▶ **TASK DESCRIPTION**
Starting with the line where "Erdbeerbl&uuml;te" appears, print every line through the end of the entries below exactly as it stands, and leave out the pictures.
-------- GIVEN RECORDS --------
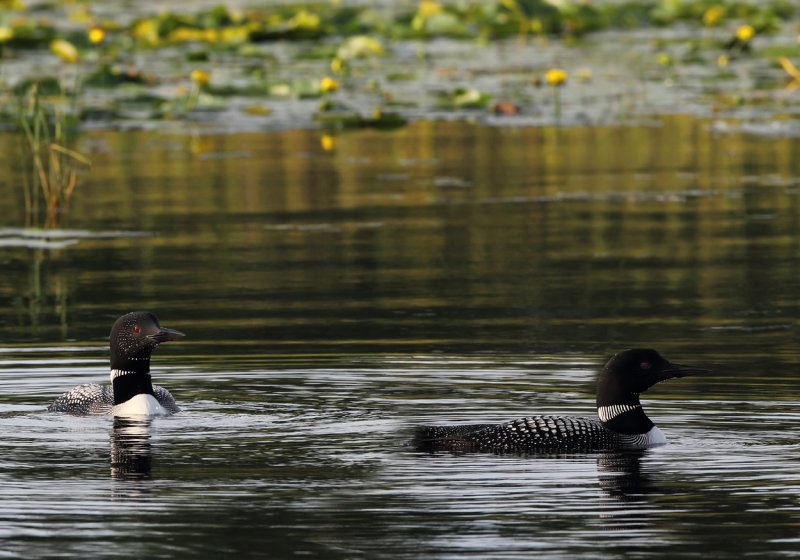 Loons and Lily Pads copy.jpg
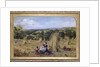 The Harvest Field, 1857 - 1858 by Nevil Oliver Lupton
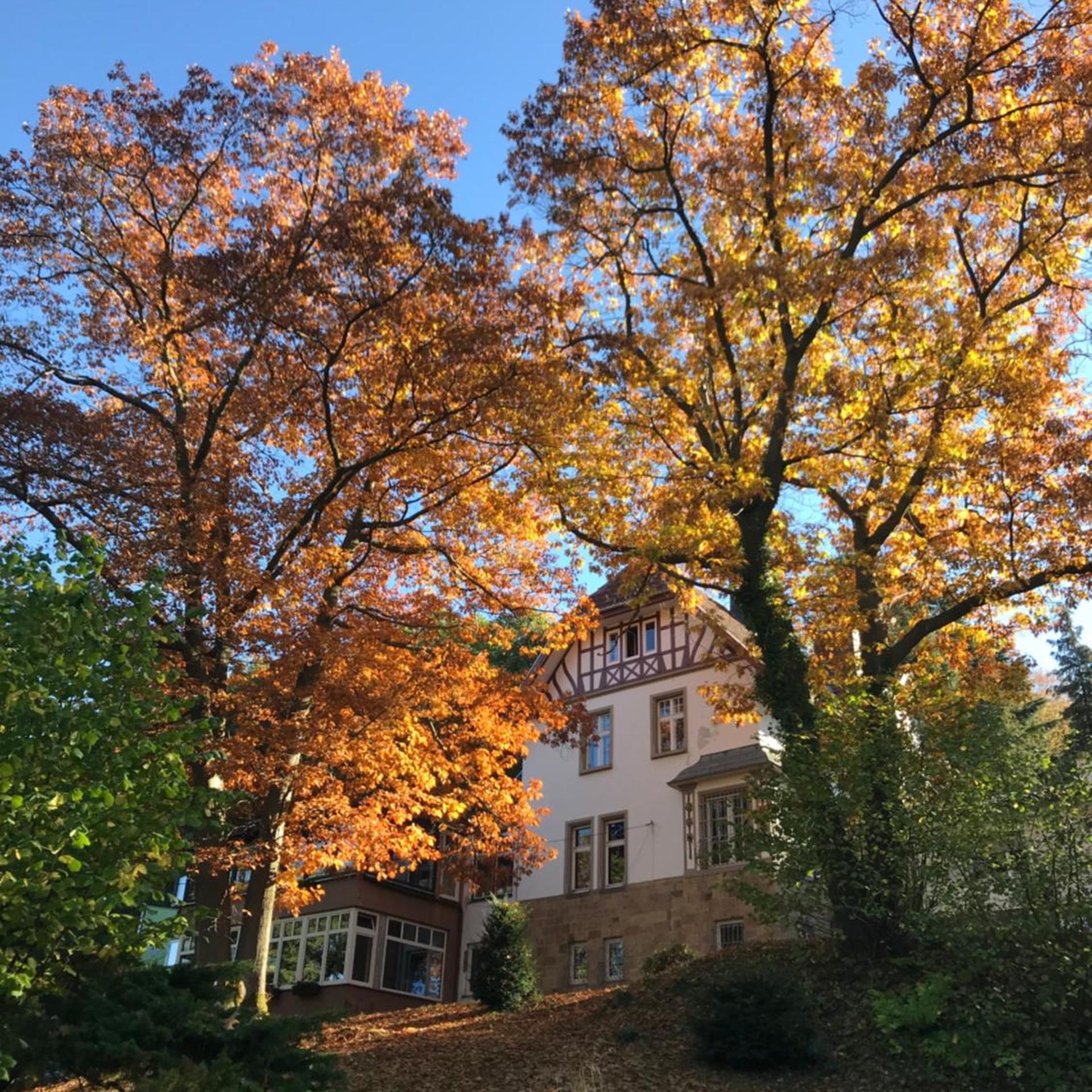 Waldhotel Bad Munstereifel 39/44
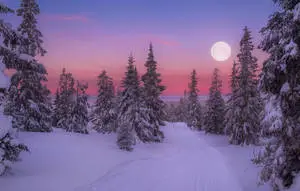 Enchanting Full Moon Over a Winter Wonderland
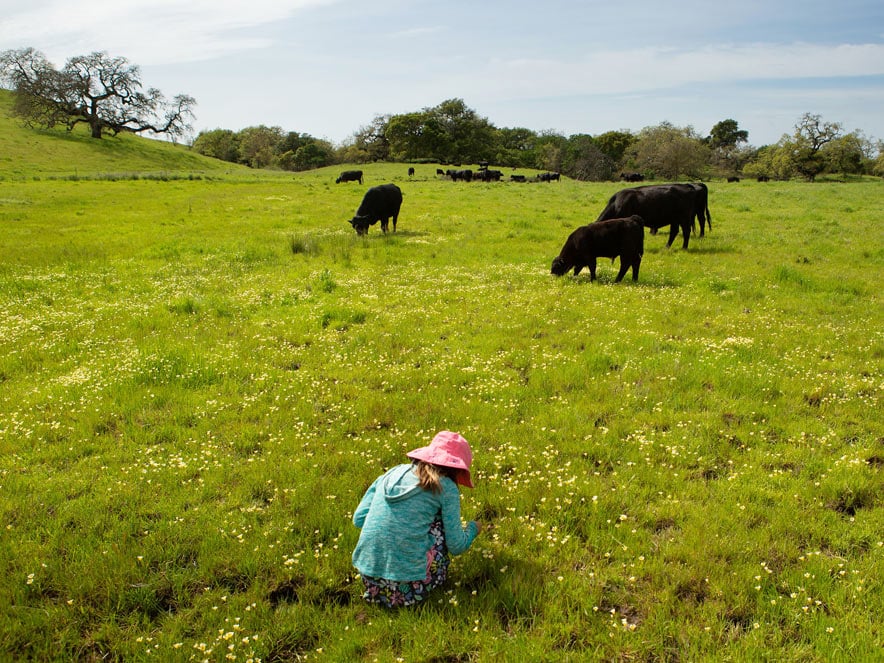A person picks wildflowers with cows in the distance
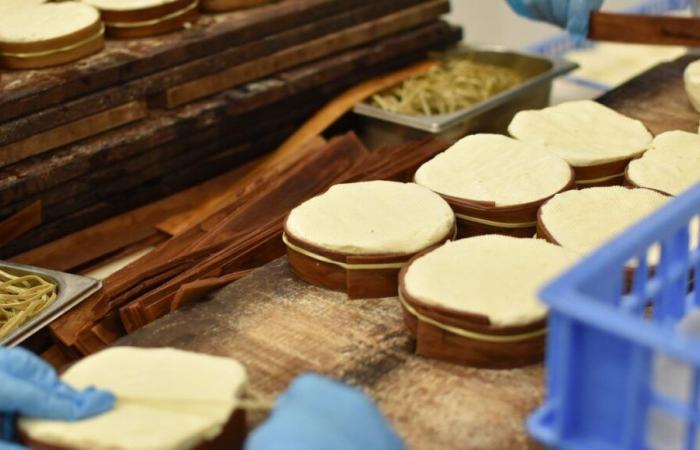 Batches of Mont d’or from a Haut-Doubs cheese factory recalled for gastroenteritis risks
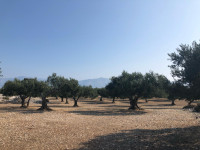 Uređeni maslinik (olive grove), Brač, Postira, 24307 m²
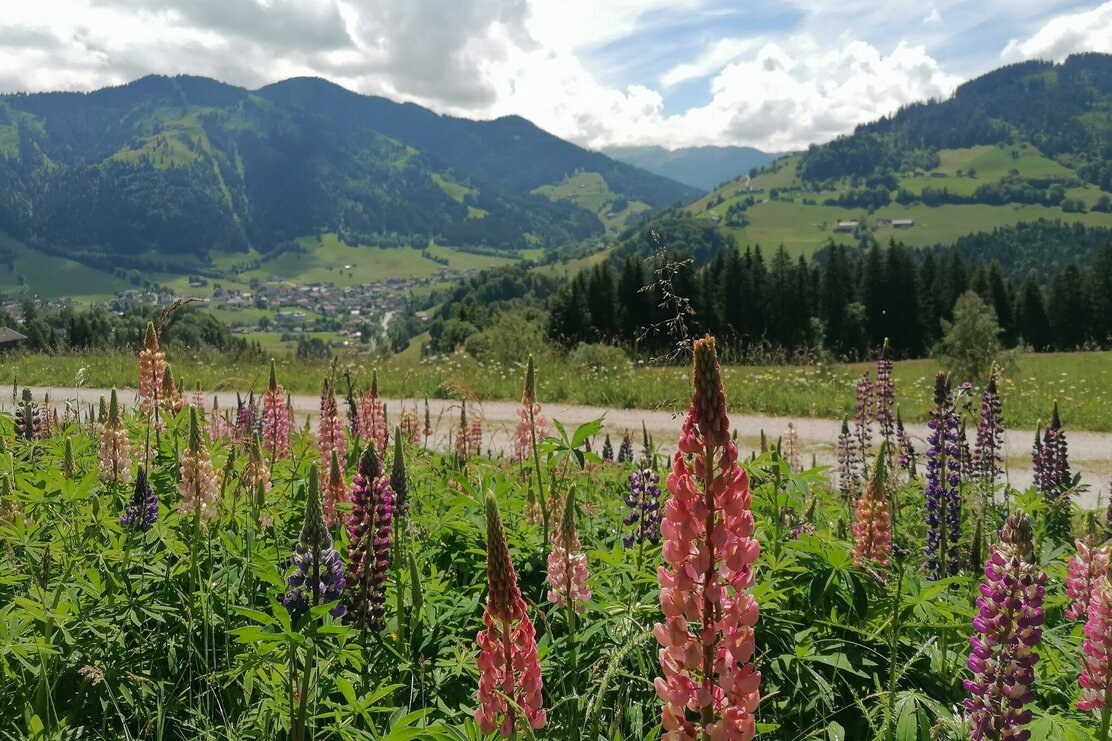 Wildschönau Tourismus Rg Möslalm Lupinenfeld Gewi.jpg | © GW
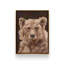 «Bushy Bear» par Cat Thurman Designs, reproduction d'art-1328498189-1328498187-1328498196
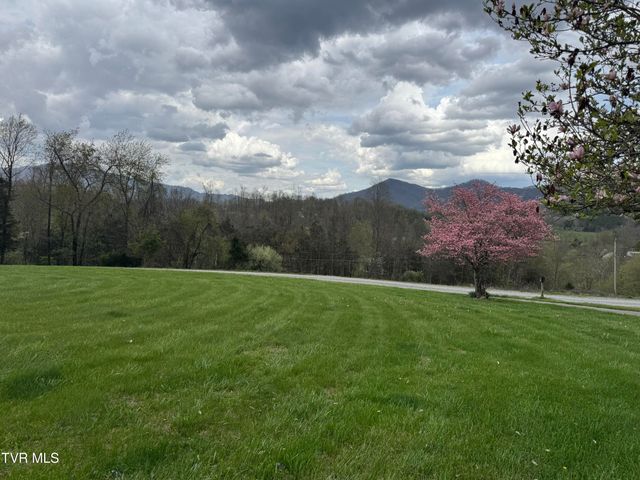 298 Rabbit Run Lane, Dryden, VA 24243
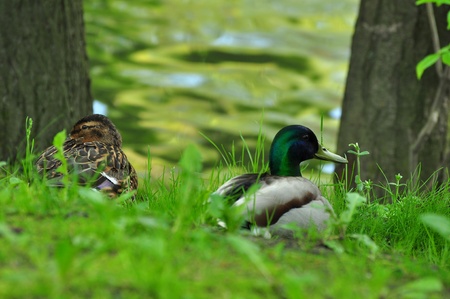 mallard duckの写真素材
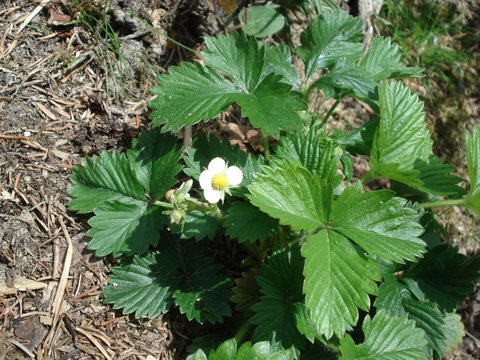 Erdbeerbl&uuml;te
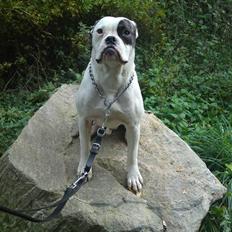Amerikansk bulldog lexus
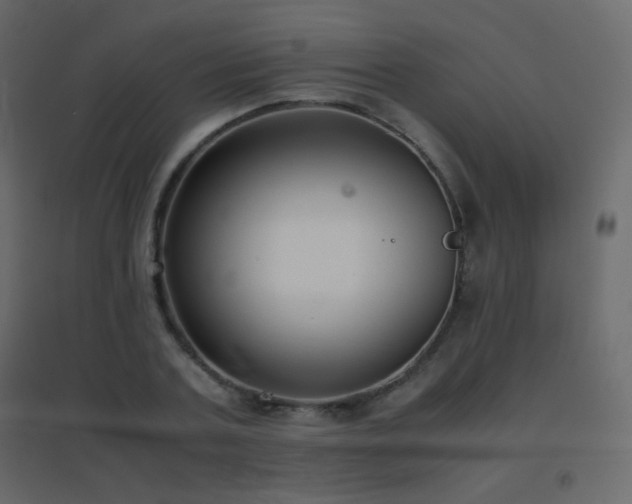 X0000096650787200802051153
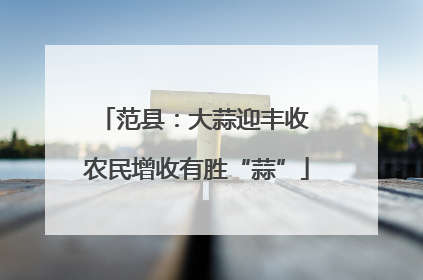 范县：大蒜迎丰收 农民增收有胜“蒜”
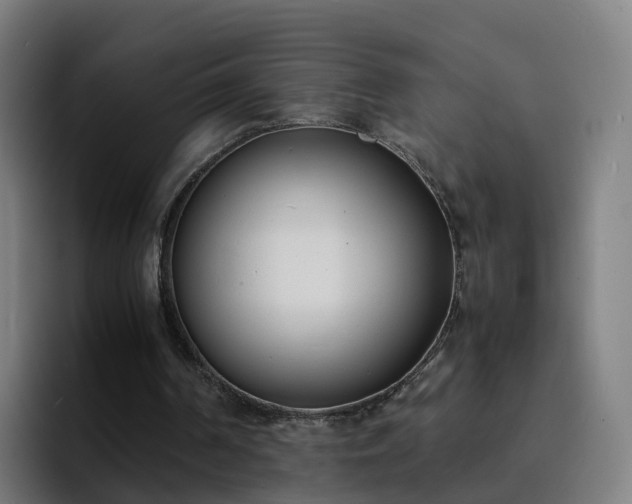 X0000094910194200712061056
--------
▶ **EXERCISE RESULT**
 Erdbeerbl&uuml;te
Amerikansk bulldog lexus
 X0000096650787200802051153
 范县：大蒜迎丰收 农民增收有胜“蒜”
 X0000094910194200712061056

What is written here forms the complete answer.